## PROBLEM TO WORK ON
Set down without change every line from the line that contains "DIYelecs Romantischer Herz-Hängekranz" through the end of the listing, and only those lines. No pictures.

>>>

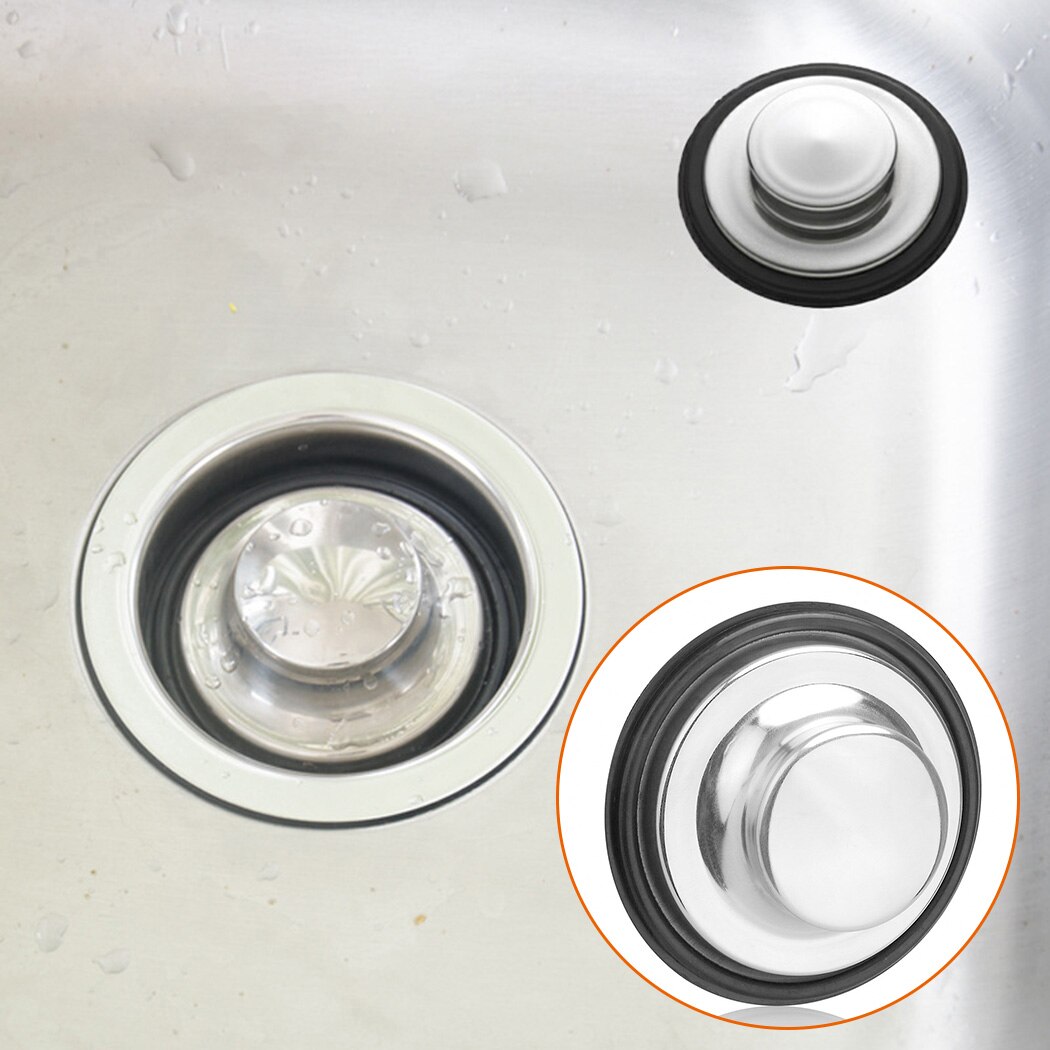 Stainless Steel + Rubber Garbage Disposal Stopper Stainless Steel + Black 85mm Drain Cover Water Sink parts Durable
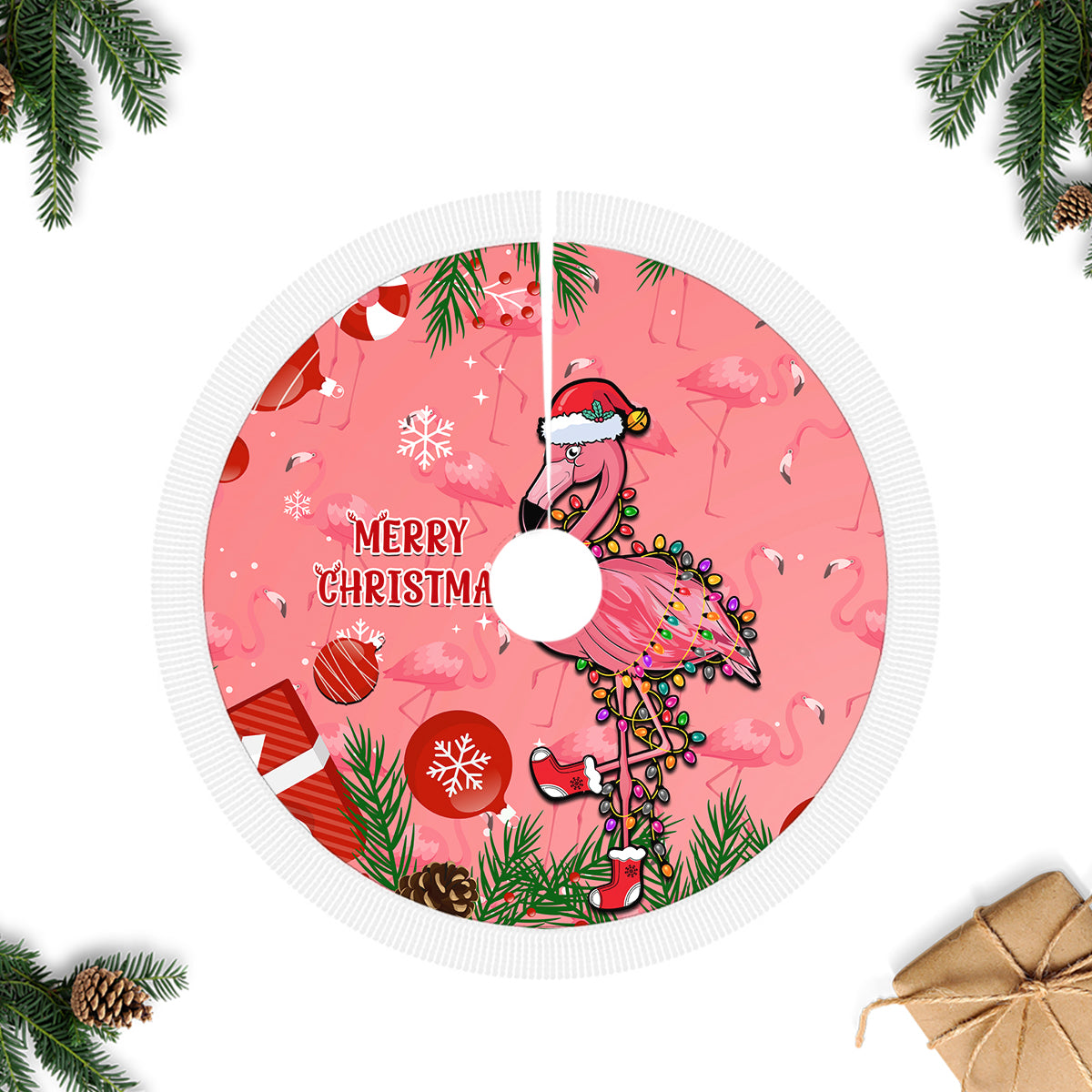 Flamingo Christmas Tree Skirt 2023 Seamless Xmas Vibes - Wonder Print Shop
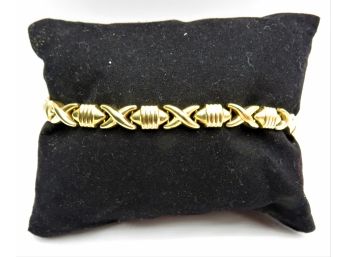 14K Yellow Gold Bracelet With 'X' Design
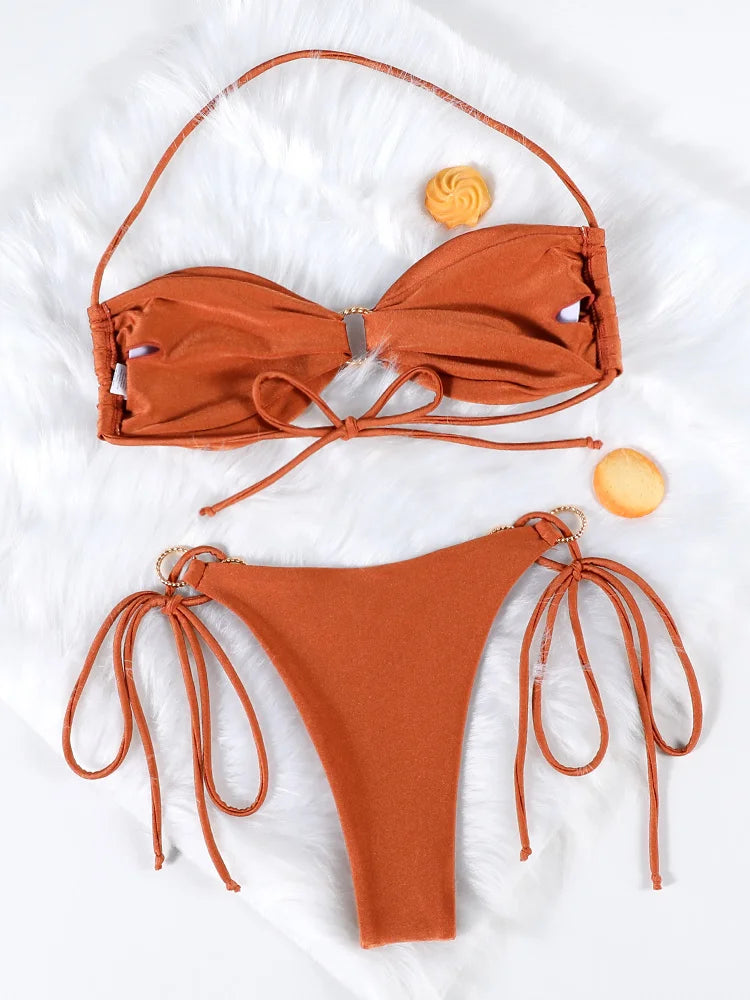 Miyouj 2025 Leopard Print Bandage Bikini – Sexy Triangle Low-Waist Swimwear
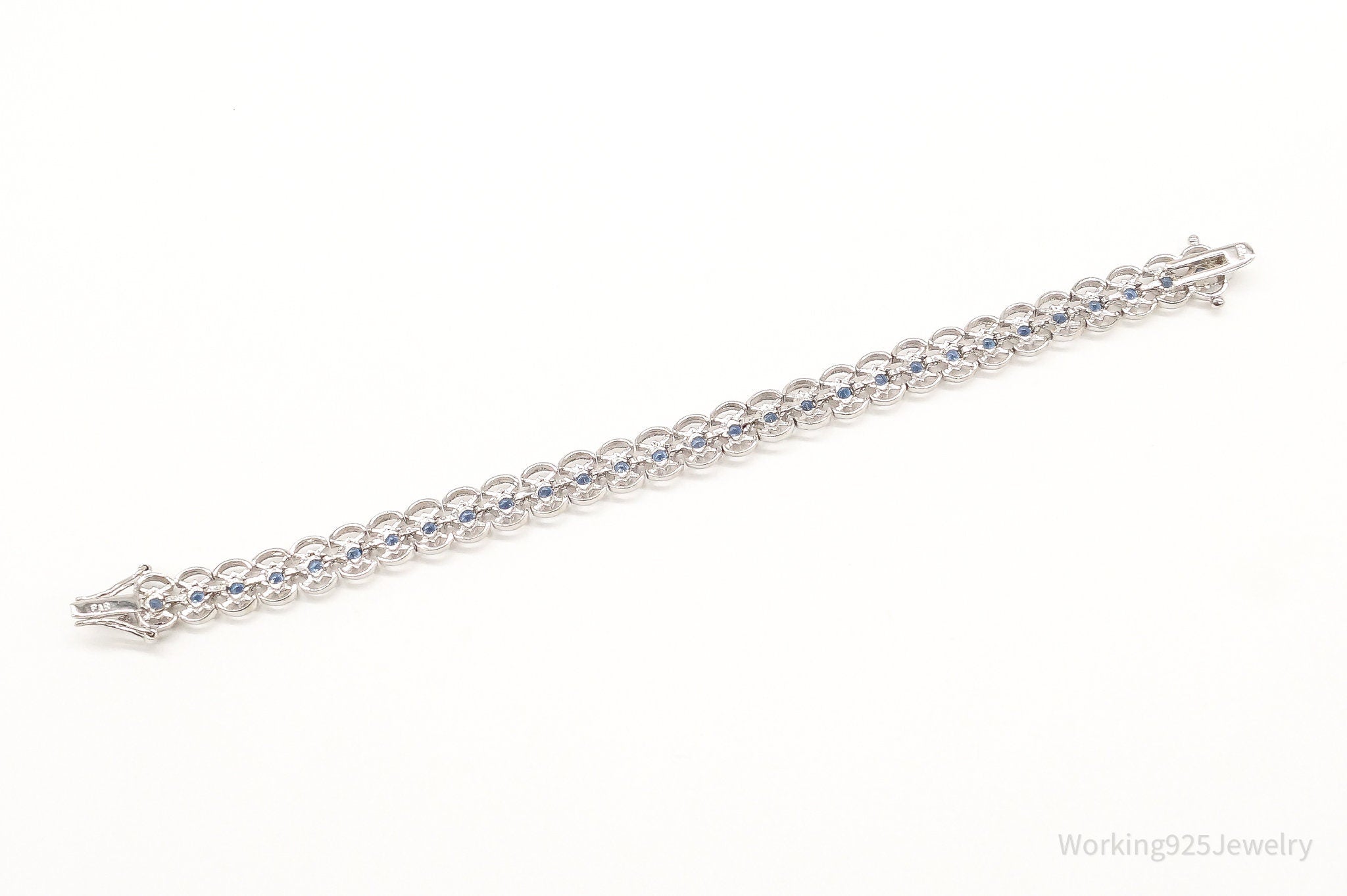 Designer FAS Lab Sapphire Sterling Silver Bracelet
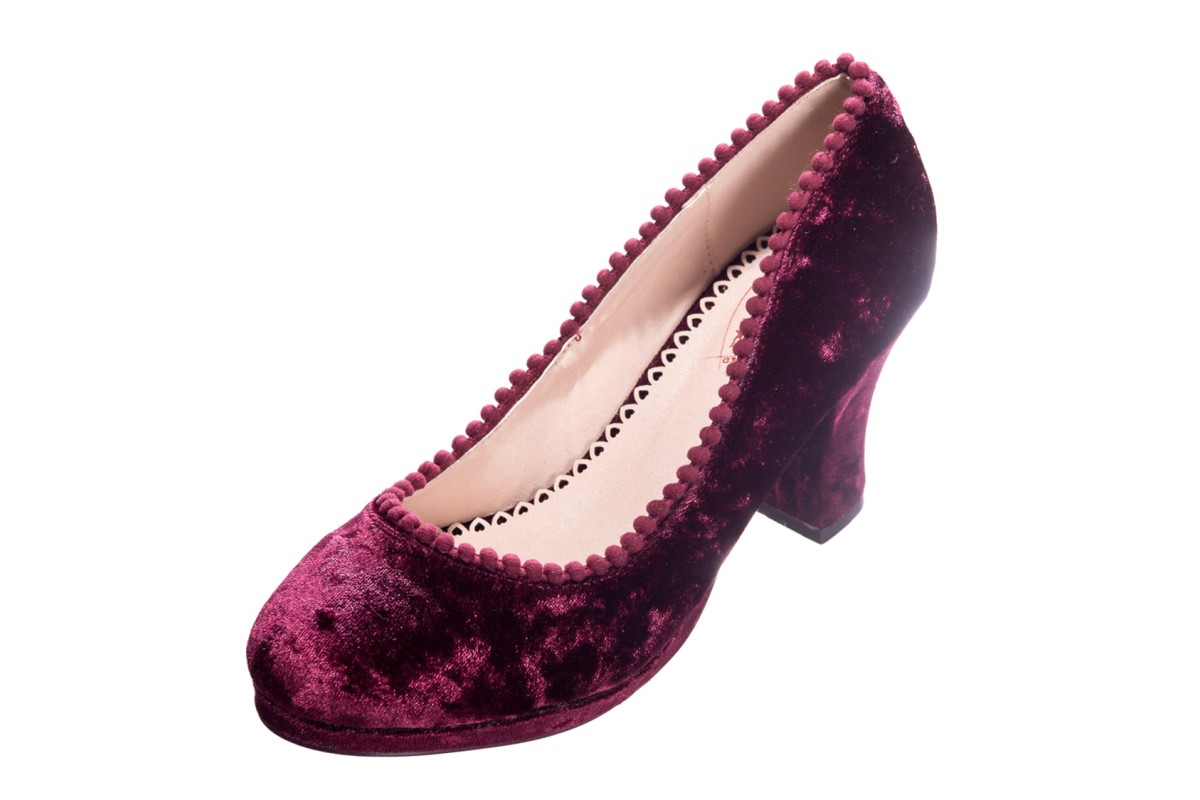 Banned Dancing Days Honey Hush Magenta Purple Velvet High Heel Court Shoes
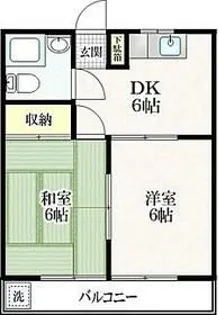 ハイツ山際【1階】の間取り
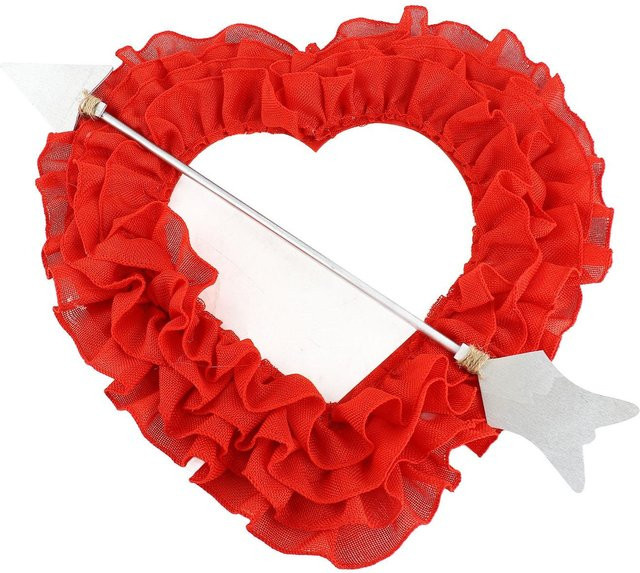DIYelecs Romantischer Herz-Hängekranz in Rot mit Pfeil und Rüschen für Valentinstag oder Hochzeit - Bild 1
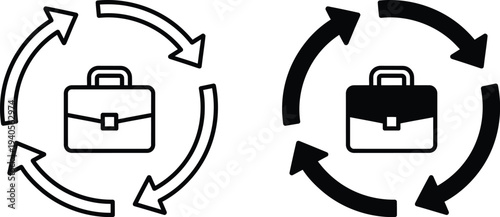 A simple graphic illustration of a briefcase with circular arrows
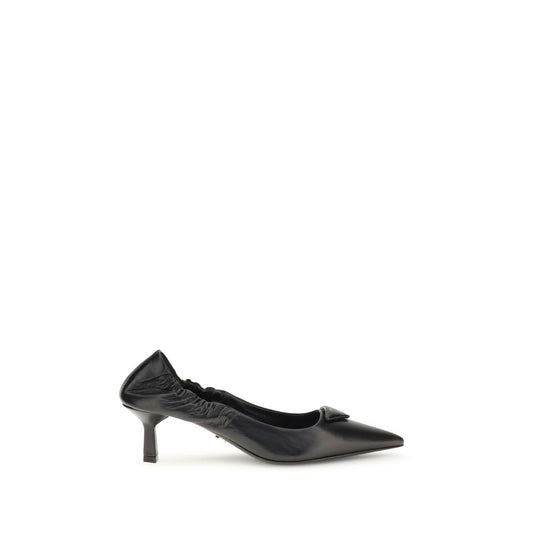 Prada Leather logo Pumps with pointed toe, elastic back, and geometric heel, featuring the iconic triangular logo in black leather.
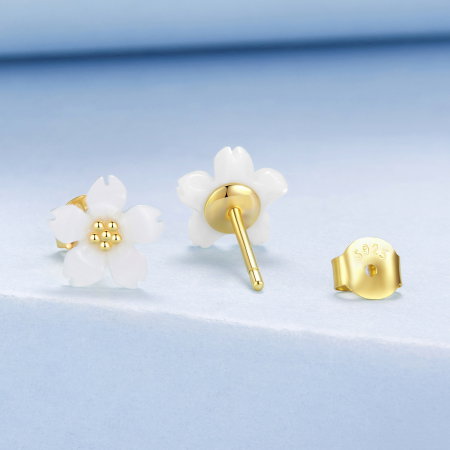 Cercei argint Flori Sakura Albe [2]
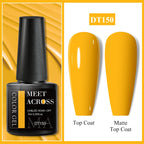 MEET ACROSS 7ml Dark Color Glitter Top Coat Gel For Nails Brocade Powder 2 In 1 Chameleon Nail Art Gel Varnish Manicure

<<<

## OUTPUT FOR THIS EXERCISE
DIYelecs Romantischer Herz-Hängekranz in Rot mit Pfeil und Rüschen für Valentinstag oder Hochzeit - Bild 1
 A simple graphic illustration of a briefcase with circular arrows
 Prada Leather logo Pumps with pointed toe, elastic back, and geometric heel, featuring the iconic triangular logo in black leather.
 Cercei argint Flori Sakura Albe [2]
 MEET ACROSS 7ml Dark Color Glitter Top Coat Gel For Nails Brocade Powder 2 In 1 Chameleon Nail Art Gel Varnish Manicure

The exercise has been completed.